Caption-style text data:

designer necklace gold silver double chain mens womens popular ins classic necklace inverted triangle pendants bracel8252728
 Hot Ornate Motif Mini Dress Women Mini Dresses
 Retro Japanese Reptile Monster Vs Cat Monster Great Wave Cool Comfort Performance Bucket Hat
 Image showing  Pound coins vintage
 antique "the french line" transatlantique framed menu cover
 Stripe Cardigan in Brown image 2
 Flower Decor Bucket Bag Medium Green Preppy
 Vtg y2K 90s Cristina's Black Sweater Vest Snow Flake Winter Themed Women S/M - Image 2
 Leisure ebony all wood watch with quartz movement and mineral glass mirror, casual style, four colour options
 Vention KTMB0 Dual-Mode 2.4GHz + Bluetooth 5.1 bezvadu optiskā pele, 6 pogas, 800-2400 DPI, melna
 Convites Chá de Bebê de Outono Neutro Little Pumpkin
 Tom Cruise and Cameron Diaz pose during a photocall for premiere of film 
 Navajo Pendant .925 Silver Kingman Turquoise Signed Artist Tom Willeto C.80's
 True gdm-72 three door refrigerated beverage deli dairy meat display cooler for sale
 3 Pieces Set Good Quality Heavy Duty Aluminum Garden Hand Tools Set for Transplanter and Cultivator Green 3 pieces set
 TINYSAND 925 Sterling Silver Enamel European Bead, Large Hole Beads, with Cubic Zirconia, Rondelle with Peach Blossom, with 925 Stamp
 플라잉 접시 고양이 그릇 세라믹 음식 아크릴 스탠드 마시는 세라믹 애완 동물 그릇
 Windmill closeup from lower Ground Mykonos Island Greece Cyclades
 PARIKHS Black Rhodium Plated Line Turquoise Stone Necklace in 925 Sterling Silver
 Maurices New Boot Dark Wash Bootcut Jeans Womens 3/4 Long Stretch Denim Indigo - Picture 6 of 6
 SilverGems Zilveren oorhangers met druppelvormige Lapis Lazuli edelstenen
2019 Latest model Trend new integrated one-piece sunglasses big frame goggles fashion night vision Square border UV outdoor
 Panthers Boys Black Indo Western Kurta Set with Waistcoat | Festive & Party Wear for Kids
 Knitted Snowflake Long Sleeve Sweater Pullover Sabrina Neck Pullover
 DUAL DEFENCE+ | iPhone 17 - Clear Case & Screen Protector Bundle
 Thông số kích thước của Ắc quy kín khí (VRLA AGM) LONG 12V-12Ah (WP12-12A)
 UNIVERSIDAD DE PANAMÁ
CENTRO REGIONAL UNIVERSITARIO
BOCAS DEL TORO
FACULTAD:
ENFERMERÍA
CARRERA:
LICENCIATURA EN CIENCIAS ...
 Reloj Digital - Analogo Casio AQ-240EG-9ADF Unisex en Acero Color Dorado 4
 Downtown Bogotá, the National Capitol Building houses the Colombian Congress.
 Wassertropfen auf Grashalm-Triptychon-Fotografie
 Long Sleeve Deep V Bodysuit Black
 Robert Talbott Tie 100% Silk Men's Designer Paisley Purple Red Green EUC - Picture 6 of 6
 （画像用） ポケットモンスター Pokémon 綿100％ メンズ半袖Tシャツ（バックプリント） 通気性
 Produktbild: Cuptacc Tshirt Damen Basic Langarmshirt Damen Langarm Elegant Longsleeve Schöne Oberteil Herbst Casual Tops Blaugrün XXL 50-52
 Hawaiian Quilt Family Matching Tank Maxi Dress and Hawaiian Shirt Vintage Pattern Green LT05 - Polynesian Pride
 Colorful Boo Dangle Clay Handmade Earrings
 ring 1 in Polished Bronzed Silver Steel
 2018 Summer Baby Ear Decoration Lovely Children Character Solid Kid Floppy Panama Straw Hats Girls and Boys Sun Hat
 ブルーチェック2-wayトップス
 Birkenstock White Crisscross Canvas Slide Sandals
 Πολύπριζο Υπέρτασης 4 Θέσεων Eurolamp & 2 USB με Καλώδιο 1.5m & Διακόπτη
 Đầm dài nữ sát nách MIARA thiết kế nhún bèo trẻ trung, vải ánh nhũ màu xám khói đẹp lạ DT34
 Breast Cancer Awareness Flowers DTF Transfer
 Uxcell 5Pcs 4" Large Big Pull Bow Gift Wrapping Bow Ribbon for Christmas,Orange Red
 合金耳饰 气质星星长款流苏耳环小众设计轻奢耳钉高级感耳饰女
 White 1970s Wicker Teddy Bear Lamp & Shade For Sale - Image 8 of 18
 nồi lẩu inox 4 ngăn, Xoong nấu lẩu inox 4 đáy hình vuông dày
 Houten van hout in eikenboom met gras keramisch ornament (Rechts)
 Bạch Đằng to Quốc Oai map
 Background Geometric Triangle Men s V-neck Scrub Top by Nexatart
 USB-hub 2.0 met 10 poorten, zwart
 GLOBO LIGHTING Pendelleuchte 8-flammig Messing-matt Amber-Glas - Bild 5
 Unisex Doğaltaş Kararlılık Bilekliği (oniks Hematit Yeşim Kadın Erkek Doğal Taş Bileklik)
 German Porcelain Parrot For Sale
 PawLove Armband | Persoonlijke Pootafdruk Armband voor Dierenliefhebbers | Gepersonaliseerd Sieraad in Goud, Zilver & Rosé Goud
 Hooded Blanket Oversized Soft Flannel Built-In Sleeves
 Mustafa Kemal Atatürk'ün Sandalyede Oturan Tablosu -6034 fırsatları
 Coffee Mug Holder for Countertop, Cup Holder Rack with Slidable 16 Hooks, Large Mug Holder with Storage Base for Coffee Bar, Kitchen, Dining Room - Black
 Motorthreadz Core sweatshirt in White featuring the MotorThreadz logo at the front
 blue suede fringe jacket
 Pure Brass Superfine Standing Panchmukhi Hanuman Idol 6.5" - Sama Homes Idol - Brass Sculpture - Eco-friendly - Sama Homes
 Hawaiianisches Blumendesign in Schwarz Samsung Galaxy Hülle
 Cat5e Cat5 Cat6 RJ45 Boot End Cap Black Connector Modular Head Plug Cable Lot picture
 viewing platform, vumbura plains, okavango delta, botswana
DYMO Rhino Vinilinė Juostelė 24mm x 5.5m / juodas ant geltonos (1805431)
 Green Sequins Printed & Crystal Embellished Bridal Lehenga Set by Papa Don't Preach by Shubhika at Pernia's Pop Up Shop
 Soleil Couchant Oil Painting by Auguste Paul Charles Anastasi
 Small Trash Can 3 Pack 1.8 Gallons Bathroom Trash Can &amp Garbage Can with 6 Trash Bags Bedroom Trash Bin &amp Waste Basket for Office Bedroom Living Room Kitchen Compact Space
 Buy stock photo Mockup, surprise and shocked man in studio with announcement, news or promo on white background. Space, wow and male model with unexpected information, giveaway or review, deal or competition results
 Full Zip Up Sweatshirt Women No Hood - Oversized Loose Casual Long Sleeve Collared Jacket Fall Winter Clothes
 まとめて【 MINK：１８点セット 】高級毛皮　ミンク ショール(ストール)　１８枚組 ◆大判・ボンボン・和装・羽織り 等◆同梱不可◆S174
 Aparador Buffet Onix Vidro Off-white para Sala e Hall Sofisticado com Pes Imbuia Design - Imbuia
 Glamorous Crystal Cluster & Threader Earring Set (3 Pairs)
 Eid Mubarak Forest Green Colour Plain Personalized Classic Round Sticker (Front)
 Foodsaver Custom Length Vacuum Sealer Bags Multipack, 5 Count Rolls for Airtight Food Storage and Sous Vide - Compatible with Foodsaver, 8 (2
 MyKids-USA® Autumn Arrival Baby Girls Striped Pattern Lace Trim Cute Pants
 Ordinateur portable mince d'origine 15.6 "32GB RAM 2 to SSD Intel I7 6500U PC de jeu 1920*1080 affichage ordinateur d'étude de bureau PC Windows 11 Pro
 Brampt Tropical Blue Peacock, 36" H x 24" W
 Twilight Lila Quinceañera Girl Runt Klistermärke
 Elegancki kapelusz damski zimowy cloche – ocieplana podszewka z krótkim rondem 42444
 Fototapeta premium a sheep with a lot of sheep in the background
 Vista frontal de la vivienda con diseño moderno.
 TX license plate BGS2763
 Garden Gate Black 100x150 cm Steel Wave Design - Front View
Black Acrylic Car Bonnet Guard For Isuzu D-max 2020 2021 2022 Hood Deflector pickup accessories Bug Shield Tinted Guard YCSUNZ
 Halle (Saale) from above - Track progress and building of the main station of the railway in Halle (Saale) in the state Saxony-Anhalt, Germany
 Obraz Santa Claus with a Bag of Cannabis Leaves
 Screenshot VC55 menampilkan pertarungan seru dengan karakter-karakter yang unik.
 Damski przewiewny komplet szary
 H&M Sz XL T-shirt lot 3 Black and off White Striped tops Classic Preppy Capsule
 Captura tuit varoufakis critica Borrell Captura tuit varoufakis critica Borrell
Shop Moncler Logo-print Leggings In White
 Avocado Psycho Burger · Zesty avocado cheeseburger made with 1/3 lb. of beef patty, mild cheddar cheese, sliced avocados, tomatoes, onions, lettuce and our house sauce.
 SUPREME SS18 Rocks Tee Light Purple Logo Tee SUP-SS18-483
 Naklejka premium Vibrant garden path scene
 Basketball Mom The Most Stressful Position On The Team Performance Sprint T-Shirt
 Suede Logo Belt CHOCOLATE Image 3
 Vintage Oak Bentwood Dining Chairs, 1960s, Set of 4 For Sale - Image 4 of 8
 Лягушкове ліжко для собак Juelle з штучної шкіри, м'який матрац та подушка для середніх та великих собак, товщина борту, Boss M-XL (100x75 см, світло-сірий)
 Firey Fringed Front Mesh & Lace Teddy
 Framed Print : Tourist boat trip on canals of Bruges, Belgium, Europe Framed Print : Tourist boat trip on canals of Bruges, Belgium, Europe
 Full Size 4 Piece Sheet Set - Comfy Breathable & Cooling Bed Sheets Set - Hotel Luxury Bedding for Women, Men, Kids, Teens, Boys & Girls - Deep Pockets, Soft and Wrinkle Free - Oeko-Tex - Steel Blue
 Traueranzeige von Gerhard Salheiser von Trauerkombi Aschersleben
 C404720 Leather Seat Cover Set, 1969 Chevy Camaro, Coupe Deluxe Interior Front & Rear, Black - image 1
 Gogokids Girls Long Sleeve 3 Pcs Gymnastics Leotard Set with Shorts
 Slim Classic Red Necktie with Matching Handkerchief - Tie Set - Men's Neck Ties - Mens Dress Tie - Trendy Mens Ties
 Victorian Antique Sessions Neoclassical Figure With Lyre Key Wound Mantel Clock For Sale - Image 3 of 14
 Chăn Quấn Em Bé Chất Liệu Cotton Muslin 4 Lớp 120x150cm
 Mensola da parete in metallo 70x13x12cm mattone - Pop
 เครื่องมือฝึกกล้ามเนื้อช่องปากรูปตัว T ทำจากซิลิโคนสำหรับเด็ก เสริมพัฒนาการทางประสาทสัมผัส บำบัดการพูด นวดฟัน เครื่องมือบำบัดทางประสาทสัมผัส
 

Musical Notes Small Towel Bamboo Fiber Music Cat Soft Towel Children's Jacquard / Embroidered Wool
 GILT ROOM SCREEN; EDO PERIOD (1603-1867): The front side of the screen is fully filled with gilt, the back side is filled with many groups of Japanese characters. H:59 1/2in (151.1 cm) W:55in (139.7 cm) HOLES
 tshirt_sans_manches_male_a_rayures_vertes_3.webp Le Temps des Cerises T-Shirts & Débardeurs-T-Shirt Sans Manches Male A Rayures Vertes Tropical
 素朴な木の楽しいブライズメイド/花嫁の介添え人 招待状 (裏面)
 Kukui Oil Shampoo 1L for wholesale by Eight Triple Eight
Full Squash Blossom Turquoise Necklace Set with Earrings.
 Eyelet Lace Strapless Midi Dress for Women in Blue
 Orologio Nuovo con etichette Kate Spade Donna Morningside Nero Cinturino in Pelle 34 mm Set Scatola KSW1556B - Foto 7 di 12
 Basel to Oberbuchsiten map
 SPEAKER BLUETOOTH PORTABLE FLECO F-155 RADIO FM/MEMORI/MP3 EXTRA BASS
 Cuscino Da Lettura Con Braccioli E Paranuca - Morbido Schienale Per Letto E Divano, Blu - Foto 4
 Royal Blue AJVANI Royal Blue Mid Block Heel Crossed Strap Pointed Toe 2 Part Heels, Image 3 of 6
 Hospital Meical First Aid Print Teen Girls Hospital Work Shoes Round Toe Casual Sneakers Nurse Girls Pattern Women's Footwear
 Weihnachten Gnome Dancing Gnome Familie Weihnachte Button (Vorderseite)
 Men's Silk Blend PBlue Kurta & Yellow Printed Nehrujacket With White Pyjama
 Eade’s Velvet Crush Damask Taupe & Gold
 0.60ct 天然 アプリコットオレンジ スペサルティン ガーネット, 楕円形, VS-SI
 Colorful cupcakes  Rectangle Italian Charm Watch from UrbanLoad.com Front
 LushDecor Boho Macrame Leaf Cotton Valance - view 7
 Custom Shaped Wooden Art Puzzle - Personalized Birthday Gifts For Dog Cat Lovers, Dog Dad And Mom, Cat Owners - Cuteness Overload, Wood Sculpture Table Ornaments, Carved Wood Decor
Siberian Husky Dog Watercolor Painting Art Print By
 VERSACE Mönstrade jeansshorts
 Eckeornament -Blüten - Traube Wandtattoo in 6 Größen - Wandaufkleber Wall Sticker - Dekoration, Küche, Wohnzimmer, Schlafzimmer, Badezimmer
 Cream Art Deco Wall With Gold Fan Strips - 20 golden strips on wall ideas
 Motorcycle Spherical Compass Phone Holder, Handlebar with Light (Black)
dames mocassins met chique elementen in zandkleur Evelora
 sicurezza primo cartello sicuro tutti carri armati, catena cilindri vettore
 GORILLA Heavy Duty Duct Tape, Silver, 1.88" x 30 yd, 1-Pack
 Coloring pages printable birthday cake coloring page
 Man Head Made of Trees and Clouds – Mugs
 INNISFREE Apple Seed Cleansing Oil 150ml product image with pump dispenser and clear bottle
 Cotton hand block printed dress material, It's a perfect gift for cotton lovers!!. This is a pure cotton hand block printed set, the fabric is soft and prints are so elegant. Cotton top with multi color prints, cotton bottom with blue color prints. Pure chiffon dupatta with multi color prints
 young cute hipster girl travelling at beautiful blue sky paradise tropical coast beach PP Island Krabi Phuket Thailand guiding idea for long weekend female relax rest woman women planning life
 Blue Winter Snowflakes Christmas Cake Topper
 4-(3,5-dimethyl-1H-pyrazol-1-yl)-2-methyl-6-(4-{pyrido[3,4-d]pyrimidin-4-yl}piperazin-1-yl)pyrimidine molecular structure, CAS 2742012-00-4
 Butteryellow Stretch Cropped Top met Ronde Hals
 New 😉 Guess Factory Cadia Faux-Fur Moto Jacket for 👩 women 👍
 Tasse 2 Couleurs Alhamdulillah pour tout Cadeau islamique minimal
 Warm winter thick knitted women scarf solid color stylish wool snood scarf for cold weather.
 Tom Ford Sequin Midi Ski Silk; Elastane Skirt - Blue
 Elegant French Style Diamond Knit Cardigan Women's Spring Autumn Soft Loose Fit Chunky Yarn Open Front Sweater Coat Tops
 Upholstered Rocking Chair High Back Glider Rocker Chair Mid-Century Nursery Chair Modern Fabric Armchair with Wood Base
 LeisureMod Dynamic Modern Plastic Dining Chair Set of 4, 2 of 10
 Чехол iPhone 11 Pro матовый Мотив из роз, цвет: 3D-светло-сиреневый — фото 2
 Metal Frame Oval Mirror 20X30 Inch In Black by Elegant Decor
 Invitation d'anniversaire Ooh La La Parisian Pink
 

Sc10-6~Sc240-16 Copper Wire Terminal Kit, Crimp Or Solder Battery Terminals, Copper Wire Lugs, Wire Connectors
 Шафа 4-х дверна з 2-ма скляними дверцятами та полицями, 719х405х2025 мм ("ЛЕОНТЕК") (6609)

Task directions: Your answer should be the lines above from the one containing "SilverGems Zilveren oorhangers" through the one containing "Reloj Digital - Analogo", copied exactly and with both ends kept.

Exercise answer:
 SilverGems Zilveren oorhangers met druppelvormige Lapis Lazuli edelstenen
2019 Latest model Trend new integrated one-piece sunglasses big frame goggles fashion night vision Square border UV outdoor
 Panthers Boys Black Indo Western Kurta Set with Waistcoat | Festive & Party Wear for Kids
 Knitted Snowflake Long Sleeve Sweater Pullover Sabrina Neck Pullover
 DUAL DEFENCE+ | iPhone 17 - Clear Case & Screen Protector Bundle
 Thông số kích thước của Ắc quy kín khí (VRLA AGM) LONG 12V-12Ah (WP12-12A)
 UNIVERSIDAD DE PANAMÁ
CENTRO REGIONAL UNIVERSITARIO
BOCAS DEL TORO
FACULTAD:
ENFERMERÍA
CARRERA:
LICENCIATURA EN CIENCIAS ...
 Reloj Digital - Analogo Casio AQ-240EG-9ADF Unisex en Acero Color Dorado 4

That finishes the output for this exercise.